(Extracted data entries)
════════

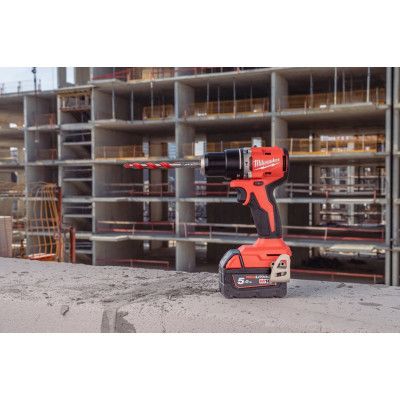 Шуруповерт Milwaukee ударный М18 BLPDRC-422С, 60Нм, 2Ah+4Ah, кейс (4933492825) | Зображення 1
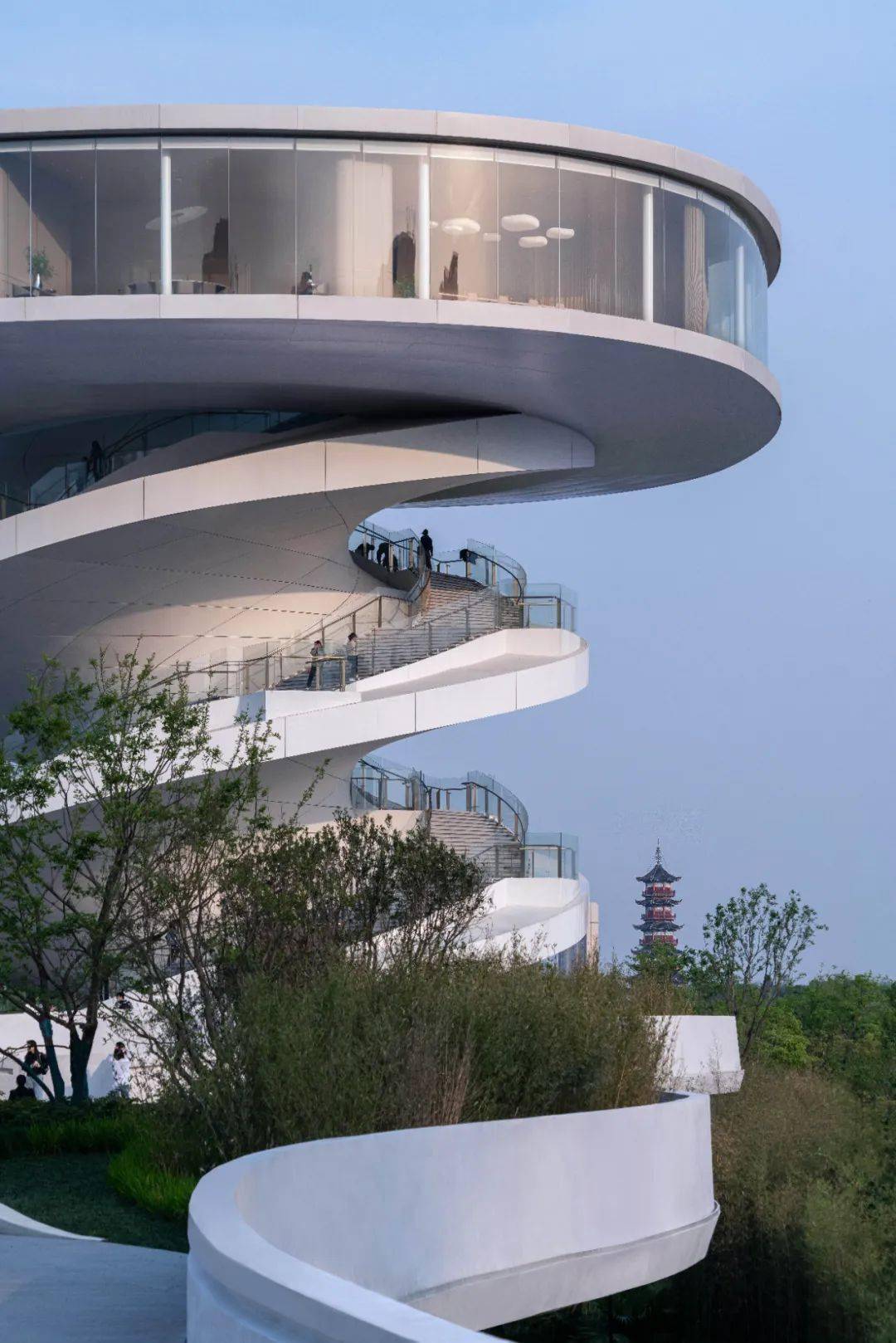 湿地公园尽端双螺旋塔,鸟屿浮云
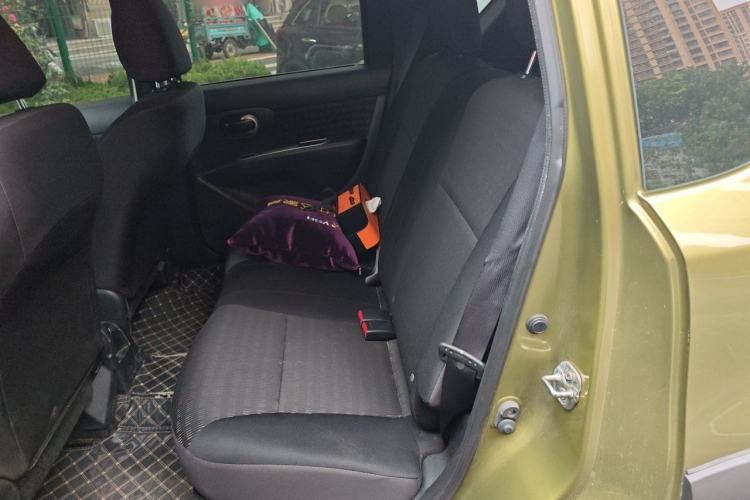 Used Nissan Livina 2013 JINRUI 1.6XV CVT Luxury Edition Left Rear Seat
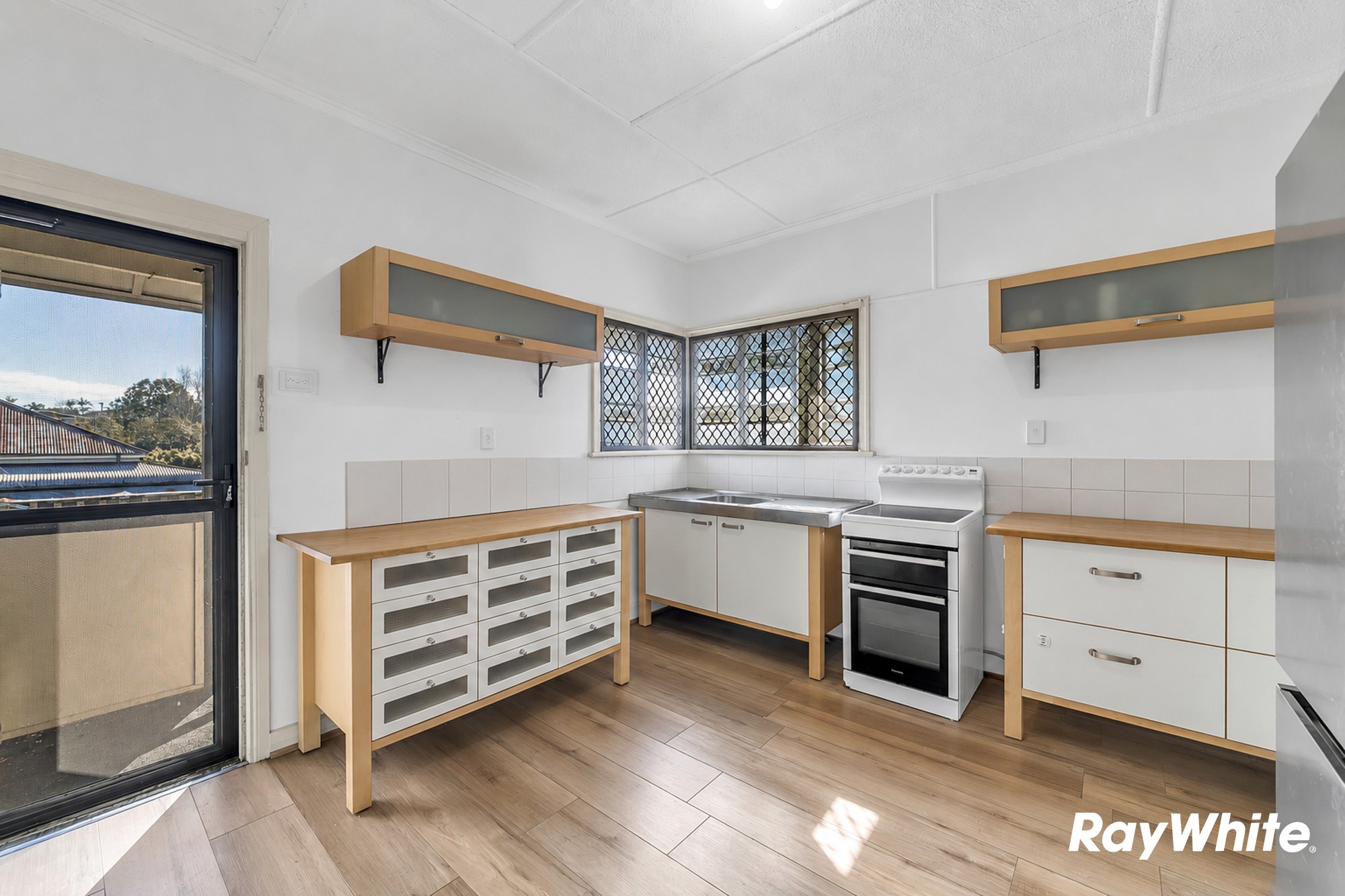 29 Creek Street, Bundamba, QLD 4304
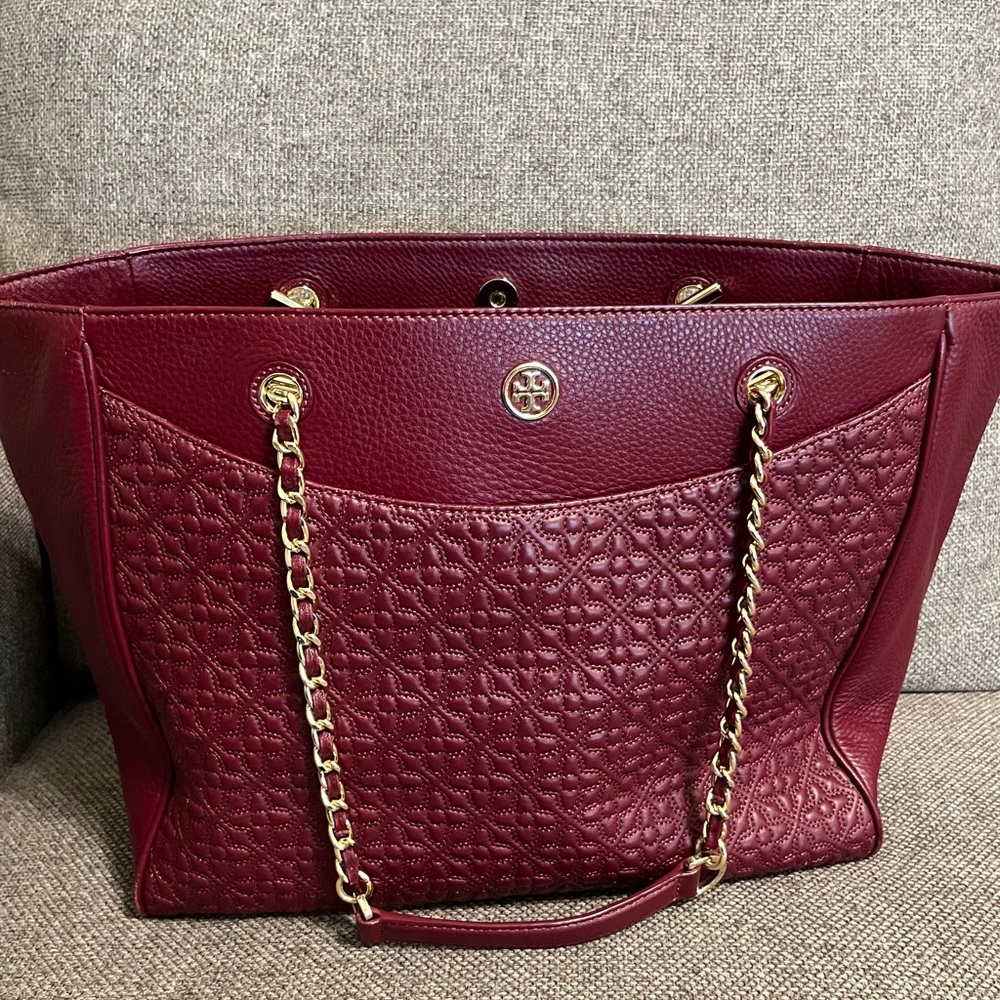 Tory Burch Soft Leather Shoulder Bag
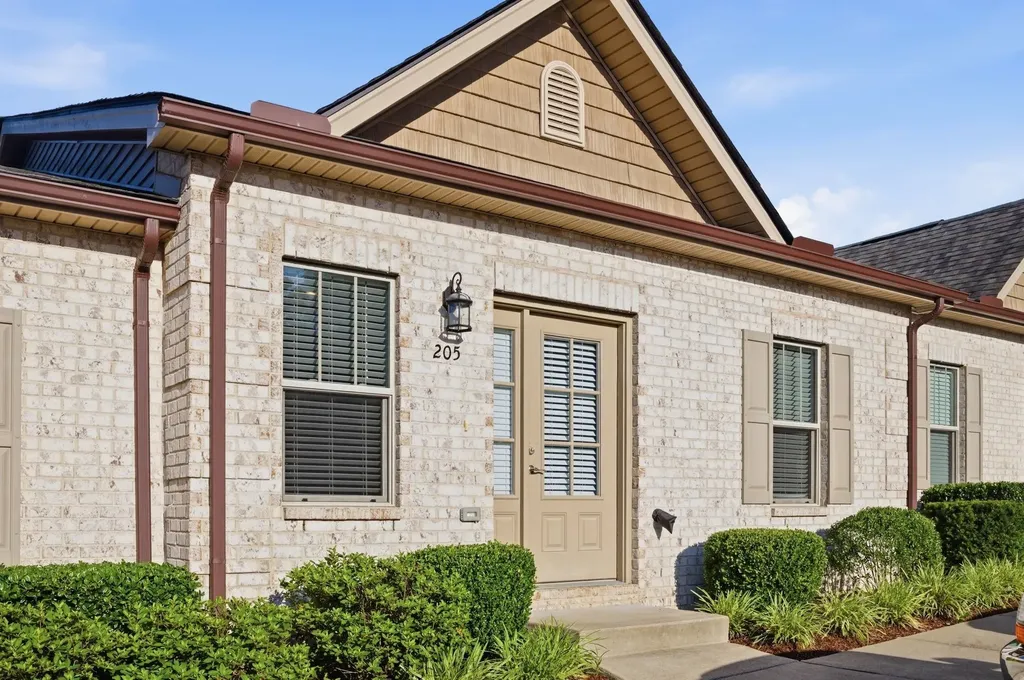 205 Bancroft Mill Columbia TN 38401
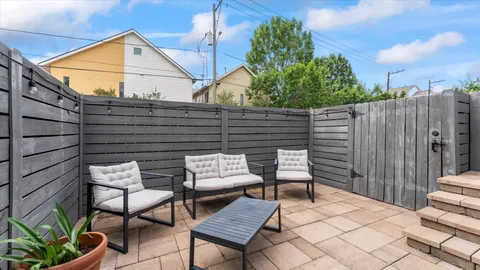$379,900 | 4439 Spencer Street, Houston, TX 77007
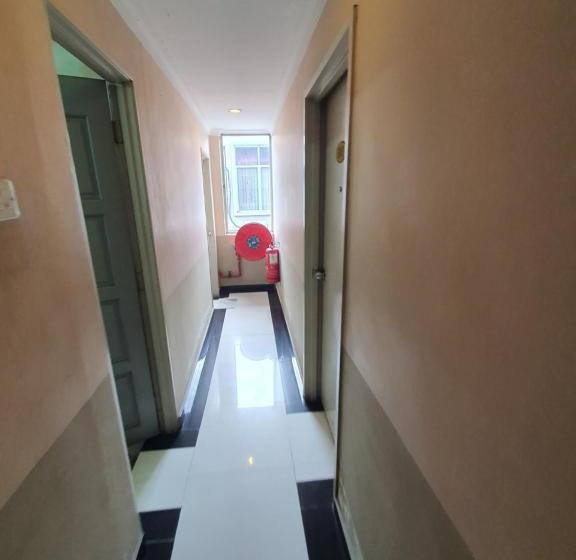 בית מלון כפרי Oyo 89970 Dg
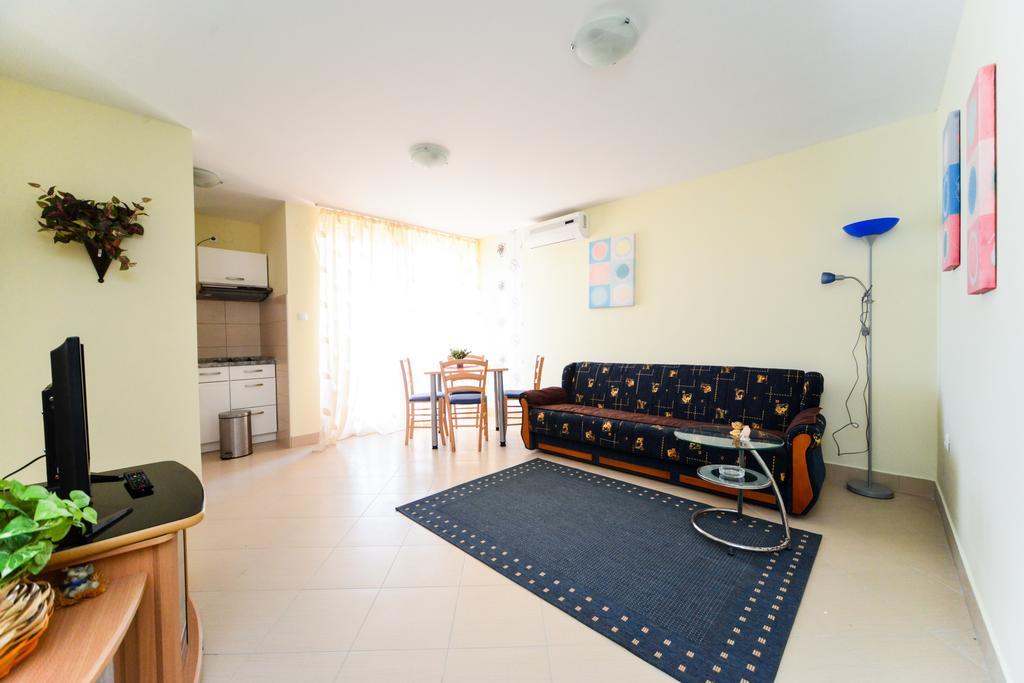 Apartments Ivan Zadar Exterior photo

════════

### Your objective
Once the pictures are set aside, restate the remaining data above exactly.

### Exercise response
 Шуруповерт Milwaukee ударный М18 BLPDRC-422С, 60Нм, 2Ah+4Ah, кейс (4933492825) | Зображення 1
 湿地公园尽端双螺旋塔,鸟屿浮云
 Used Nissan Livina 2013 JINRUI 1.6XV CVT Luxury Edition Left Rear Seat
 29 Creek Street, Bundamba, QLD 4304
 Tory Burch Soft Leather Shoulder Bag
 205 Bancroft Mill Columbia TN 38401
$379,900 | 4439 Spencer Street, Houston, TX 77007
 בית מלון כפרי Oyo 89970 Dg
 Apartments Ivan Zadar Exterior photo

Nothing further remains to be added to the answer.